Sono Machiavelli e Guicciardini, altro protagonista di quel periodo, a definirla così: una Repubblica di frati, a causa del Capitolo Generale (una sorta di concilio ecumenico dei frati minori osservanti) che in quell’epoca, a causa degli zoccoli che portavano ai piedi in segno di umiltà e di povertà francescana, venivano definiti per l’appunto “zoccolanti”.

Quali erano i dilemmi in cui si dibattevano i francescani all’epoca?
Intanto il problema ricorrente della povertà della Chiesa. Nel puro spirito di San Francesco molti di loro propugnavano una vita povera, mentre la Chiesa del tempo navigava nell’opulenza delle alte gerarchie, con il Papa perennemente in conflitto con le potenze europee per affermare il suo primato, anche temporale. Non bisogna dimenticare che in quegli stessi giorni a Worms si consuma il dramma dello scisma luterano che prendeva le mosse dall’esigenza di riportare la Chiesa all’originaria purezza e povertà evangelica, tema più volte sottolineato, prima e dopo lo scisma, nel seno della Chiesa cattolica.

Com’era Carpi nel 1521?
Una piccola “terra murata”, con al centro il suo antico castello in via di trasformazione in un palazzo rinascimentale. Siamo nel pieno del possesso di Carpi da parte di Alberto Pio, principe di grandi vedute, che non esita a lanciare un programma urbanistico ambizioso: completare il cerchio delle mura urbane, completare il tempio di San Nicolò (dove il Machiavelli incontrerà i frati del Capitolo per portare a termine la sua missione diplomatica affidatagli dalla Signoria di Firenze, ma non ci riuscirà), gettare le fondamenta della nuova Collegiata, quella che due secoli dopo diventerà la cattedrale di Carpi. Pochi abitanti, molti frati.
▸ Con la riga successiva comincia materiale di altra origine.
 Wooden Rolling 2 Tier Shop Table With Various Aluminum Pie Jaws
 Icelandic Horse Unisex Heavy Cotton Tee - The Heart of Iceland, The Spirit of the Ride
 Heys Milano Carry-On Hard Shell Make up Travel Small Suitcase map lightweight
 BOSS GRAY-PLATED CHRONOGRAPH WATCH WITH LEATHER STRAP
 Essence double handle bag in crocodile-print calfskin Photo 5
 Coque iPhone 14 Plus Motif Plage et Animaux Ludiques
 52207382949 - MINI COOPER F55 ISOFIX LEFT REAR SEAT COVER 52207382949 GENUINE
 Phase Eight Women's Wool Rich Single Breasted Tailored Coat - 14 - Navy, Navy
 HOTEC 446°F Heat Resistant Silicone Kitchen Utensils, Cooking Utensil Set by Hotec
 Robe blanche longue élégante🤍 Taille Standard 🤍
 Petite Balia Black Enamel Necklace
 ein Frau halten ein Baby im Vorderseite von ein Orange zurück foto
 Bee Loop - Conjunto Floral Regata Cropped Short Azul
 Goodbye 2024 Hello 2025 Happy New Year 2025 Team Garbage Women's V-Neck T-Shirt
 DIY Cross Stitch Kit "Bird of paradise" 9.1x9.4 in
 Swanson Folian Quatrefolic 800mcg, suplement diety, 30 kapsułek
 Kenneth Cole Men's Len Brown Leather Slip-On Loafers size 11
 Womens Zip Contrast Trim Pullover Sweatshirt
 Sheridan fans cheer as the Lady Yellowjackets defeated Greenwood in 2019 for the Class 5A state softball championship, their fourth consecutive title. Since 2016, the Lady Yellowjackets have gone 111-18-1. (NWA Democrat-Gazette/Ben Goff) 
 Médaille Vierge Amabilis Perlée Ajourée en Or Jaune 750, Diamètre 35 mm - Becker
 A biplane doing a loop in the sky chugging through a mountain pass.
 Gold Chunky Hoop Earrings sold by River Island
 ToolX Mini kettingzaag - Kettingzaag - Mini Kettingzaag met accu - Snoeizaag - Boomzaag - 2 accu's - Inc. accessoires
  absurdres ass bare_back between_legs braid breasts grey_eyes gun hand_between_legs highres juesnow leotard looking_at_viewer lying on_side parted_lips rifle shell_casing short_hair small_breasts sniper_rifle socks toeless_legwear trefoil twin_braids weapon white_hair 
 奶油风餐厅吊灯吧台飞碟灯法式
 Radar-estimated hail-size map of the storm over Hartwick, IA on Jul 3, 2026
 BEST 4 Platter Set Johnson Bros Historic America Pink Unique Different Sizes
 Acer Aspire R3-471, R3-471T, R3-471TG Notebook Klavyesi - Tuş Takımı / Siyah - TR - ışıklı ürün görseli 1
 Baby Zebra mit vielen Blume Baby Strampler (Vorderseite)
Machiavelli è un faro nella storia del pensiero, fondatore della politica come scienza autonoma: che c’azzecca (per dirla alla Di Pietro) con ambienti e dispute di ordine religioso?
Ecco, che c’azzecca? Lui che era stato ambasciatore di Firenze alla corte dei potenti dell’epoca, a Carpi proprio non ci voleva venire. Ma usciva da un periodo nero, lo avevano messo a riposo e ogni offerta per rientrare nel grande giro della politica gli andava bene. Venne a Carpi per sostenere la causa di Firenze nella separazione dei conventi francescani fiorentini da quelli della più vasta “provincia minoritica della Toscana”, per affermare l’indipendenza di Firenze e metter le mani sui beni dei frati.

Stermieri, Guicciardini fu governatore di Modena: che relazioni correvano all’epoca fra Carpi e Modena?
Nel venire a Carpi, Machiavelli si incontra a Modena con il Guicciardini (altro gigante della letteratura italiana) che reggeva in quel tempo il governatorato della città.
Modena era stata resa assieme a Reggio al governo pontificio, ma l’autorità del governatore si estendeva di poco oltre le mura della città. Molti signori, padroni dei castelli della pianura e della montagna (i Pio, anche, ma poi i Rangoni e altri ancora), facevano di tutto per metterlo in difficoltà. Modena resterà della chiesa sino a quando non fu “scambiata” con Ferrara e divenne poi “estense”.

Il libro offre anche l’opportunità di riscoprire una figura carpigiana poco nota: Sigismondo Santi…
Un medico ferrarese, pare, che fu per molti anni segretario e amico del principe Alberto, lo seguì nel suo peregrinare fra Roma, Blois, Parigi, Trento e Vienna, al servizio del re, dell’imperatore e del papa. Venne nominato cavaliere, godette l’amicizia personale di papa Leone X Medici e fu colui che ospitò nel suo palazzo a Carpi il Machiavelli nelle su tre giornate carpigiane.
Spirito arguto e sagace, comprese subito che il fiorentino intendeva burlarsi di lui e dei suoi ospiti facendosi inviare “fakes news” dal Guicciardini con tanto di corrieri speciali. Fece una brutta fine: assassinato sulla strada di Francia mentre recava messaggi segreti del papa e del suo padrone.